Books Books Books.
Feb. 13th, 2009 03:29 amI'm hoping to do more reading this year, newly purchased television notwithstanding. Here's some of what I've been reading.
Currently Reading
Short Fiction
Currently Reading
- The Haunting of Hill House—Shirley Jackson. I've made considerably more progress since the last time this book went AWOL, and I'm enjoying it. I saw the 1999 version of the film, and thought it was awful, but saw enough interesting things in the margins to make me think that the book would be reading (especially after I learned it was by Jackson).
- City of Quartz—Mike Davis. One of my goals this year is to learn more about the history of the Los Angeles area of Southern California. Davis's outlook feels overly Marxist to me—one endnote bewilderingly asks the writer for sympathy toward Aleister Crowley because he once wrote letters to Trotsky. But while I sometimes question the conclusions, the far-left position provides a good vantage point to deconstruct the various mythoi of Los Angeles across its history. Sadly, my library branch did not have the revised edition.
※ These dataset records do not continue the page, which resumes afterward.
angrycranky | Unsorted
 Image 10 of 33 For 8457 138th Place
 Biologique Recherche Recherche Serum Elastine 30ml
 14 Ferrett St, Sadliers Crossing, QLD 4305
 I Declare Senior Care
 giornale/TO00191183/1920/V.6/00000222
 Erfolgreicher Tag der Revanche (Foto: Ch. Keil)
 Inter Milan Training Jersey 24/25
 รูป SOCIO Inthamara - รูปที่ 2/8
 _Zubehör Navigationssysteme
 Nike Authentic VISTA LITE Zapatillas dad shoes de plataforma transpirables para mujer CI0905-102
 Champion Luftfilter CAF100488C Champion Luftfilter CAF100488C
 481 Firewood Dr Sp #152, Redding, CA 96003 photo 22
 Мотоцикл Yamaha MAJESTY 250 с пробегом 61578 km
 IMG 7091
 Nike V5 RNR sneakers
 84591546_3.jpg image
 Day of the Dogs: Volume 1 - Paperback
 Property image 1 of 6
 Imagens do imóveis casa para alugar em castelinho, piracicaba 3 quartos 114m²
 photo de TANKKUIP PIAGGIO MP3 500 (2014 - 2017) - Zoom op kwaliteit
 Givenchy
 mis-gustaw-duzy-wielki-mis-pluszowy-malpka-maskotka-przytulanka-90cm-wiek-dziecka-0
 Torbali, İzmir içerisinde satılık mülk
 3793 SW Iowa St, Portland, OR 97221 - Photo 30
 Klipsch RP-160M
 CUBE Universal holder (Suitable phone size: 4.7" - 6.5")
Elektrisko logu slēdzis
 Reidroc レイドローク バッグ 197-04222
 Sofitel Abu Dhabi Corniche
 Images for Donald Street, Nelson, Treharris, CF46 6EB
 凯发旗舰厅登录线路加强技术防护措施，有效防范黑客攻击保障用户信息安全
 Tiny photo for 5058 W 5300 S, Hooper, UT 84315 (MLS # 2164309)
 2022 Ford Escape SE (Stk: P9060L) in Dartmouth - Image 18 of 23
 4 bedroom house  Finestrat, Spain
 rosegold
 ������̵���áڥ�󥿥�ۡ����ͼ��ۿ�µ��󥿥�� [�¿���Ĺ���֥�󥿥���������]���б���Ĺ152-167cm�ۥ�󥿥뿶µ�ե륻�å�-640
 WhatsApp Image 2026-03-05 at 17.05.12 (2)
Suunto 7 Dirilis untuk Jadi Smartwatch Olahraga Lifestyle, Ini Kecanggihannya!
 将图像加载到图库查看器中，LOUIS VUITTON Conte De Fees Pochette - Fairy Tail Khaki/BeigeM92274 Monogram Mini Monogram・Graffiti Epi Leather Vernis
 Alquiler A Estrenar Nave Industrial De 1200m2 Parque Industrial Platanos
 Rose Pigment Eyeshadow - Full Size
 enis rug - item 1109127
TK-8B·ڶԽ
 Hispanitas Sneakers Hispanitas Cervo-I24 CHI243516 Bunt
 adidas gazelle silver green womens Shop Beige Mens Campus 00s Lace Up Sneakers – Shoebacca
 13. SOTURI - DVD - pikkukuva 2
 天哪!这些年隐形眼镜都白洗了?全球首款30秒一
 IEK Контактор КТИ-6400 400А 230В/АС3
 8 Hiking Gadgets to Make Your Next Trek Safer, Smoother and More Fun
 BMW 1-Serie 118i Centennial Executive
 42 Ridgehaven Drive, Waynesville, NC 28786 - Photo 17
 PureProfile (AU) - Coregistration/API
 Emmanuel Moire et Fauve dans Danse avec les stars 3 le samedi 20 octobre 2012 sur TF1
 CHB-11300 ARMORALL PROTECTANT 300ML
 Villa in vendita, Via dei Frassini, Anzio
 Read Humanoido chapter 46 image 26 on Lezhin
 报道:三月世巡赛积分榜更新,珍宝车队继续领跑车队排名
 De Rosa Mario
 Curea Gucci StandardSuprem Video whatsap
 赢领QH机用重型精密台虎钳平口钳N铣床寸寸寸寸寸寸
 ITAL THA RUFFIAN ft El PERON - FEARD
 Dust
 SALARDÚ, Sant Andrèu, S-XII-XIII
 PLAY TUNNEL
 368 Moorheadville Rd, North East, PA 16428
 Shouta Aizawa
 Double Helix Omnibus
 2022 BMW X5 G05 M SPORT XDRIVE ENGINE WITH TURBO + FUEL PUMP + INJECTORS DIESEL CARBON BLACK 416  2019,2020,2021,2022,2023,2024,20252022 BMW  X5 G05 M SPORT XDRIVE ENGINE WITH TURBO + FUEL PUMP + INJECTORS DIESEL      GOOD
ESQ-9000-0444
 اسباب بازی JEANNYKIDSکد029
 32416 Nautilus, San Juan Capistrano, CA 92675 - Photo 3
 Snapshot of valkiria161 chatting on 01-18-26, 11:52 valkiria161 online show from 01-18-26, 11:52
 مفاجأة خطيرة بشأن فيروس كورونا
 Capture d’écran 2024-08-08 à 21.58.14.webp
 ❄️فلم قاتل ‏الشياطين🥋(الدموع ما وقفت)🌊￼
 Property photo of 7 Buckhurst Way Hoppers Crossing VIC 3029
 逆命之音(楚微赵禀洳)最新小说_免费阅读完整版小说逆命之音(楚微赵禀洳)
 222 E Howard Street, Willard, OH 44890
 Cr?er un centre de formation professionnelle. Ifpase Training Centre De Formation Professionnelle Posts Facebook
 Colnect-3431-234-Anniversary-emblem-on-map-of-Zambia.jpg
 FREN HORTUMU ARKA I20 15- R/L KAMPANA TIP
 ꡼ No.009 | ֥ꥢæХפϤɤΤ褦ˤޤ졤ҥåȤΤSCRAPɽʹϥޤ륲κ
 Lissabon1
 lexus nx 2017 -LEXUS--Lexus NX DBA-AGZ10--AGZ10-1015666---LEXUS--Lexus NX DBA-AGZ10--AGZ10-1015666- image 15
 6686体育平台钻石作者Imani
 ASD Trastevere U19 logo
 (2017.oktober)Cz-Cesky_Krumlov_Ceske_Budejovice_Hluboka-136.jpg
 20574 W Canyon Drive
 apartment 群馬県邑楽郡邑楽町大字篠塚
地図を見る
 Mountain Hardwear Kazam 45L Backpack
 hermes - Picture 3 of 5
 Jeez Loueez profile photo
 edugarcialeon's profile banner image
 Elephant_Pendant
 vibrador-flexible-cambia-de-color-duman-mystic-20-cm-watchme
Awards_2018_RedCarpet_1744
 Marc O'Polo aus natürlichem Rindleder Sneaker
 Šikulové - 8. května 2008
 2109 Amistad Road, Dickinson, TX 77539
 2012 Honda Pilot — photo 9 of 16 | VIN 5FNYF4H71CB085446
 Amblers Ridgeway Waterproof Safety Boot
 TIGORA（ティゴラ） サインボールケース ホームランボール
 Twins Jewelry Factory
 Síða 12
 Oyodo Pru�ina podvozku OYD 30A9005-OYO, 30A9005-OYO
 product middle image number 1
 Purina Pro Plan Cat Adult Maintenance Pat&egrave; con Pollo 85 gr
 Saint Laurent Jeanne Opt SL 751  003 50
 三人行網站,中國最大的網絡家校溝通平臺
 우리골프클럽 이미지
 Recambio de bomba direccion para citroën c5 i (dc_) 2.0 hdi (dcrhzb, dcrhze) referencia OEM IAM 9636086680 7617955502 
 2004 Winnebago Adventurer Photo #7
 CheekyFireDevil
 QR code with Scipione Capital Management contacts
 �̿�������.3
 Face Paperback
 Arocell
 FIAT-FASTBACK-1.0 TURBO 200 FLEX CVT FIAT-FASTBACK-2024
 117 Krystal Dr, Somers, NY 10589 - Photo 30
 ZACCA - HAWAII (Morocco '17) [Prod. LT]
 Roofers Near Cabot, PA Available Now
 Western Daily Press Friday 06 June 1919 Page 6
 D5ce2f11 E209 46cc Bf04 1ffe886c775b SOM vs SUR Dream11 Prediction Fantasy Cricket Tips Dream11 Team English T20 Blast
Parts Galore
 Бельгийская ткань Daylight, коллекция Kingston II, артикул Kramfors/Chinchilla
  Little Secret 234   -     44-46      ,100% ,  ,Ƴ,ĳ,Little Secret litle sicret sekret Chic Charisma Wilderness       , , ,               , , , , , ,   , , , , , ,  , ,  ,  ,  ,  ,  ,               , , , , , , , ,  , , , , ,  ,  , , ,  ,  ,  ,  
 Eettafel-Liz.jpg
- How Did You Get to Be Mexican?: A White/Brown Man's Search for Identity—Kevin R. Johnson. I was about to put this in finished books, but I just recalled that I haven't read the final chapter. I have mixed feelings about it. The theoretical sections are interesting, and because Johnson is a law professor, I have access to most of his cited sources at my workplace. On the other hand, the autobiographical sections feel meandering, as though he were shying away from driving strongly toward a thesis (in many cases, perhaps, in deference to those in the field in which he still works).
- Továngar = World: A Gabrieliño Word Book—Anne Galloway. Only a smattering of words from the language spoken in Los Angeles before Spanish colonization. I had been hoping for more information.
- Unmasking L.A.: Third Worlds and the City—Deepak Narang Sawhney (ed.). The book contained the line I criticized earlier. It was an uneven collection of work, and I ended up skipping much of it. It did point me toward City of Quartz, because nearly every essay derived in some way from the line of thinking put forth in Davis's book. In retrospect, I think that the reliance is in some cases so strong that the Quartz (or some other legend) is needed like to prevent the slide into incomprehensibility. That line still doesn't make any sense, though.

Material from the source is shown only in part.